__Directions__: Scan the material below and copy every line holding the word "mask".

__Listed records__:
........

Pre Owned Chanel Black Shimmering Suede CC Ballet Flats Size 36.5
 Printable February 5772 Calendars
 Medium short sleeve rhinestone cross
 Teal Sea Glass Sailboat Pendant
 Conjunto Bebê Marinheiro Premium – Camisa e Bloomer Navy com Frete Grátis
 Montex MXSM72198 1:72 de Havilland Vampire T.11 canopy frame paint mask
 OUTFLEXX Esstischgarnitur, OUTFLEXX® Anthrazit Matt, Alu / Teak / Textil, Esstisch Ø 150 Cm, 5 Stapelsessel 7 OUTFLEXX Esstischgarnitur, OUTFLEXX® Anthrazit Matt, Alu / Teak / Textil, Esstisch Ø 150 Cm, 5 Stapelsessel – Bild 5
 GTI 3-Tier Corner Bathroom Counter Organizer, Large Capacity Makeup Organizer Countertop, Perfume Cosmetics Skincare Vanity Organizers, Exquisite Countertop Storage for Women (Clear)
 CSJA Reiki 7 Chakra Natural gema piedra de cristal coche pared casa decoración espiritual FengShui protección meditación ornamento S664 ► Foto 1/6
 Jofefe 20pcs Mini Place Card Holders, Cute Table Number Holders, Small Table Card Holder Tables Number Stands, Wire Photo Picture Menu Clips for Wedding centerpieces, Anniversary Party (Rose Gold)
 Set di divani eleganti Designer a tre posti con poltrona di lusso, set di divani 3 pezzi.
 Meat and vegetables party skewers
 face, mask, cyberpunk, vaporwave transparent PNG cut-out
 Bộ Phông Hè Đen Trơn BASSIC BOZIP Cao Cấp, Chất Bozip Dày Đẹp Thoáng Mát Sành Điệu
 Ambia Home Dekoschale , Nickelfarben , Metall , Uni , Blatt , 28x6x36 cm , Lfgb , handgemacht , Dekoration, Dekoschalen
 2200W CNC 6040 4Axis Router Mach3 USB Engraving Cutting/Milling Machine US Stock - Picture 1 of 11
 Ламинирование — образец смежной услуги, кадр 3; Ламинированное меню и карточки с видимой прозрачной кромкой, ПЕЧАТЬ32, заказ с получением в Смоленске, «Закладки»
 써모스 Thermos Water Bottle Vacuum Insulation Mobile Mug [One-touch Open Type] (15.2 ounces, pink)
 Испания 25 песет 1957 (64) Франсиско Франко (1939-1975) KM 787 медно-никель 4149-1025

........

__Task answer__:
 Montex MXSM72198 1:72 de Havilland Vampire T.11 canopy frame paint mask
 face, mask, cyberpunk, vaporwave transparent PNG cut-out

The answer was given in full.